**Data provided**
══════

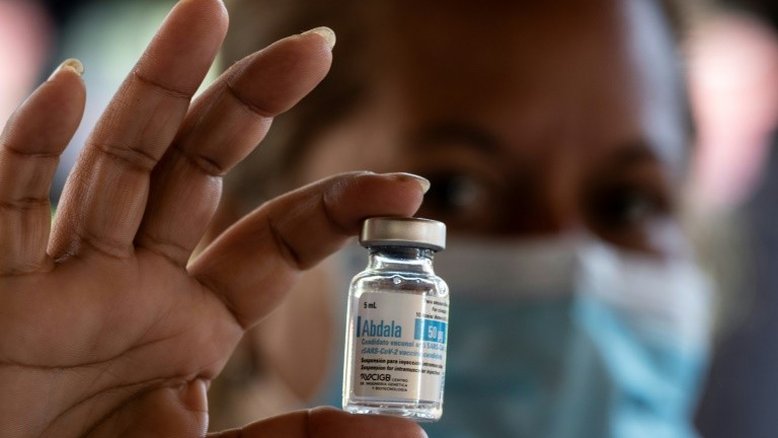 Cuba anuncia que Vietnã aprovou uso de sua vacina Abdala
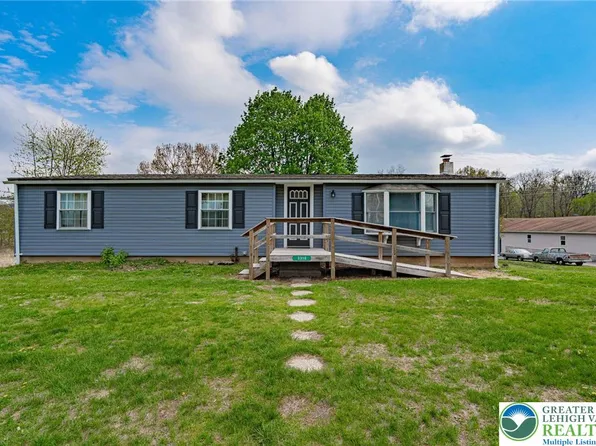 3310 Friedens Rd, Slatington, PA 18080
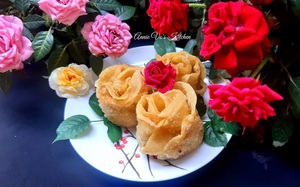 Quà cho chị em ngày 8/3 ý nghĩa: Tự tay làm 2 món ăn tạo hình hoa hồng vừa đẹp vừa ngon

══════

**Directions for this task**
Starting with the line that holds "3310 Friedens Rd, Slatington, PA 18080", transcribe exactly each line through the last one of the material above, and nothing else. Do not include pictures.

**Task answer**
 3310 Friedens Rd, Slatington, PA 18080
 Quà cho chị em ngày 8/3 ý nghĩa: Tự tay làm 2 món ăn tạo hình hoa hồng vừa đẹp vừa ngon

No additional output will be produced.